FORT WORTH, Texas, Oct. 1, 2012 /PRNewswire/ -- Basic Energy Services, Inc. (NYSE: BAS) ("Basic") announced today that it has priced an upsized private offering of $300 million of Senior Notes due 2022, which will bear interest at a rate of 7.750% per annum. The notes are being sold at 100.000% of their face amount. Basic expects the offering of the notes to close on October 16, 2012, subject to the satisfaction of customary closing conditions. Basic intends to use the net proceeds from the offering, after discounts and estimated offering expenses, to fund its pending tender offer and consent solicitation for its existing 7.125% Senior Notes due 2016 (the "2016 Notes") and to redeem any of the 2016 Notes not purchased in the tender offer, and the remainder for general corporate purposes.
The notes have not been registered under the Securities Act of 1933, as amended (the "Securities Act"), or applicable state securities laws and may not be offered or sold in the United States absent registration or an applicable exemption from the registration requirements of the Securities Act and applicable state laws. Basic is offering the notes only to (1) qualified institutional buyers as defined in Rule 144A under the Securities Act and (2) outside the United States to non-U.S. persons in transactions pursuant to Regulation S under the Securities Act. This announcement shall not constitute an offer to sell or the solicitation of an offer to buy the notes.

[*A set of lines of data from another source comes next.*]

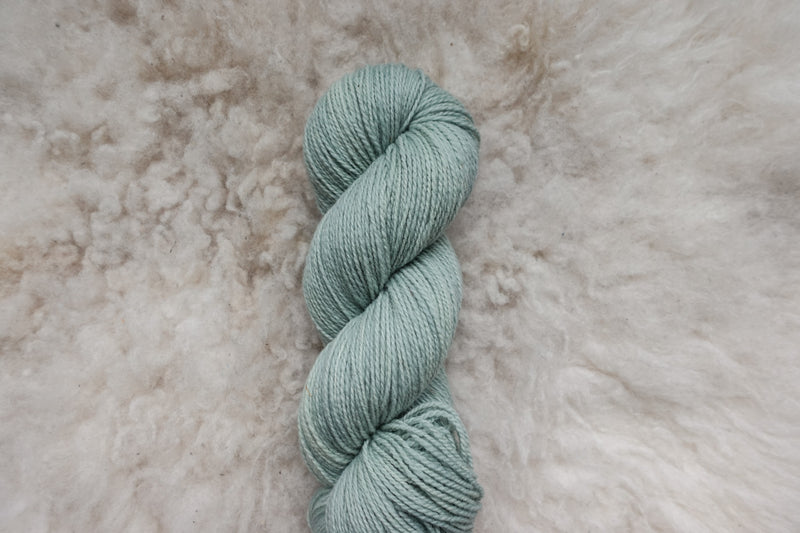 A light grey skein of naturally dyed yarn lays on a sheepskin, and is pictured from above.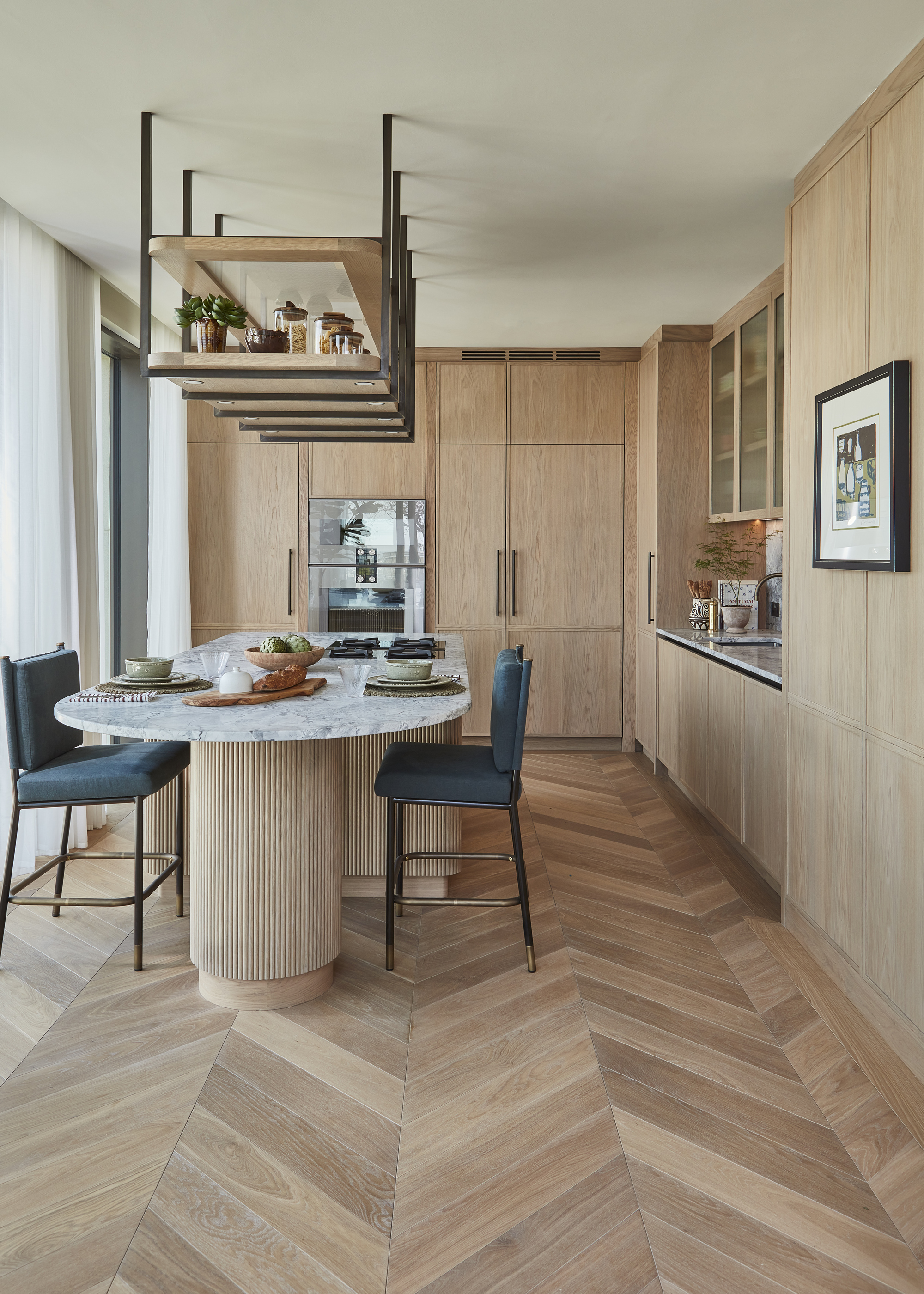 A kitchen with wooden floor-to-ceiling cabinetry, herringbone wooden flooring, and an island with a wooden fluted base and a marble counter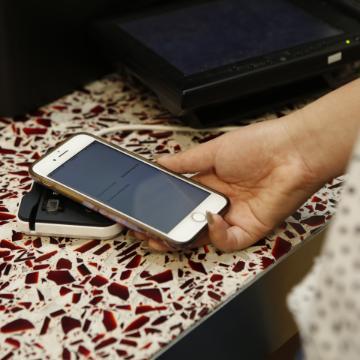 Hand holding smartphone near patterned cloth with electronics in the background.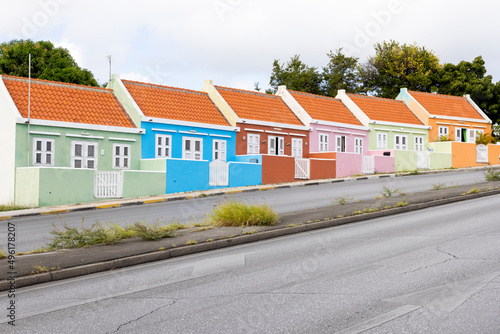 Fototapeta Naklejka Na Ścianę i Meble -  Small colorful houses along the road somewhere in Willemstad, Curacao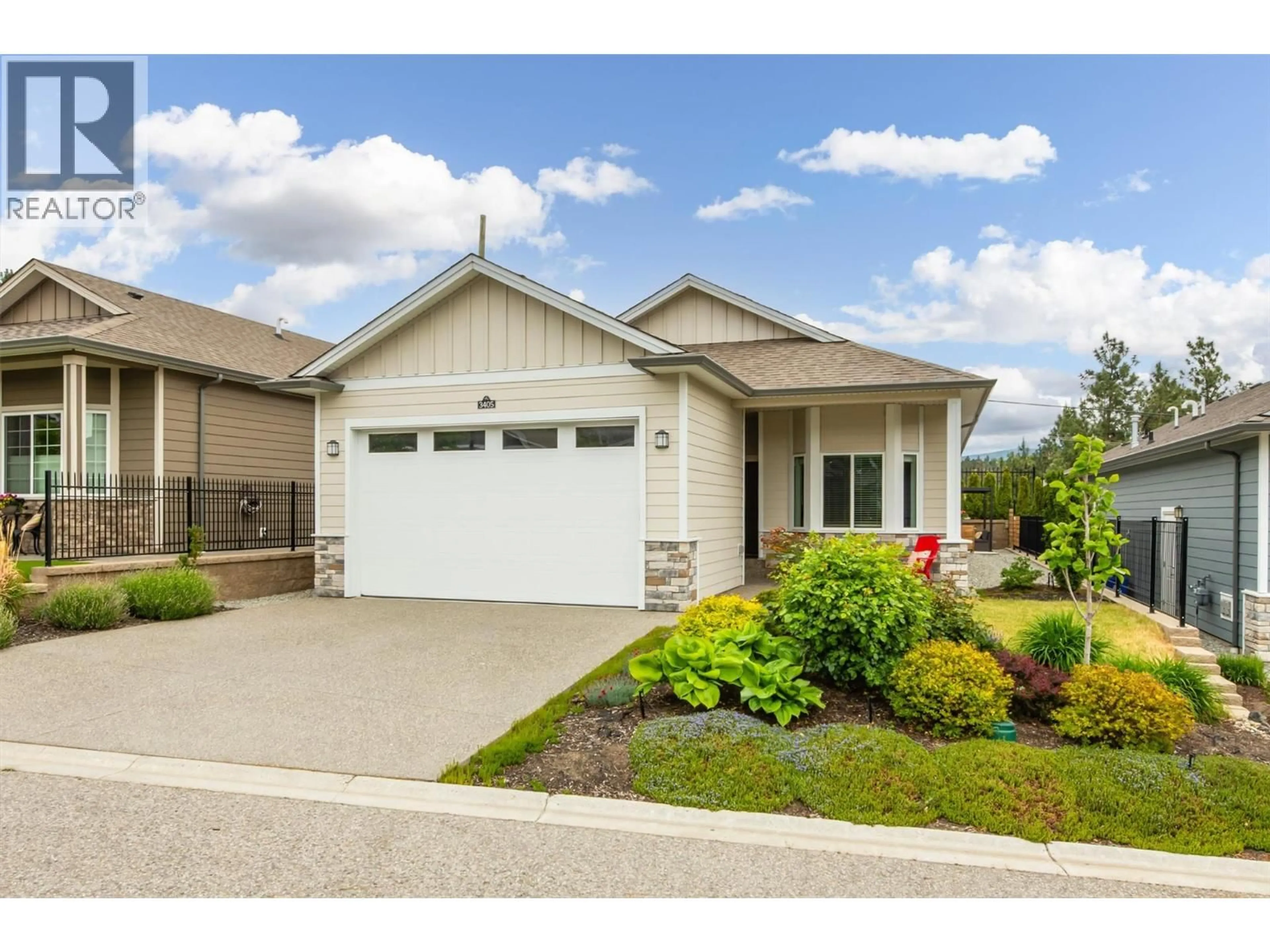Home with vinyl exterior material, street for 3405 IRONWOOD DRIVE, Westbank British Columbia V4T0A9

This press release contains forward-looking statements. Forward-looking statements give our current expectations or forecasts of future events based on assumptions and estimations that management believes are reasonable given currently available information. Forward-looking statements in this press release relate to, among other things, the closing of the offering and the use of proceeds therefrom. Information on risks and uncertainties that could cause actual results to differ materially from those contemplated by the forward-looking statements is available in Basic's filings with the Securities and Exchange Commission.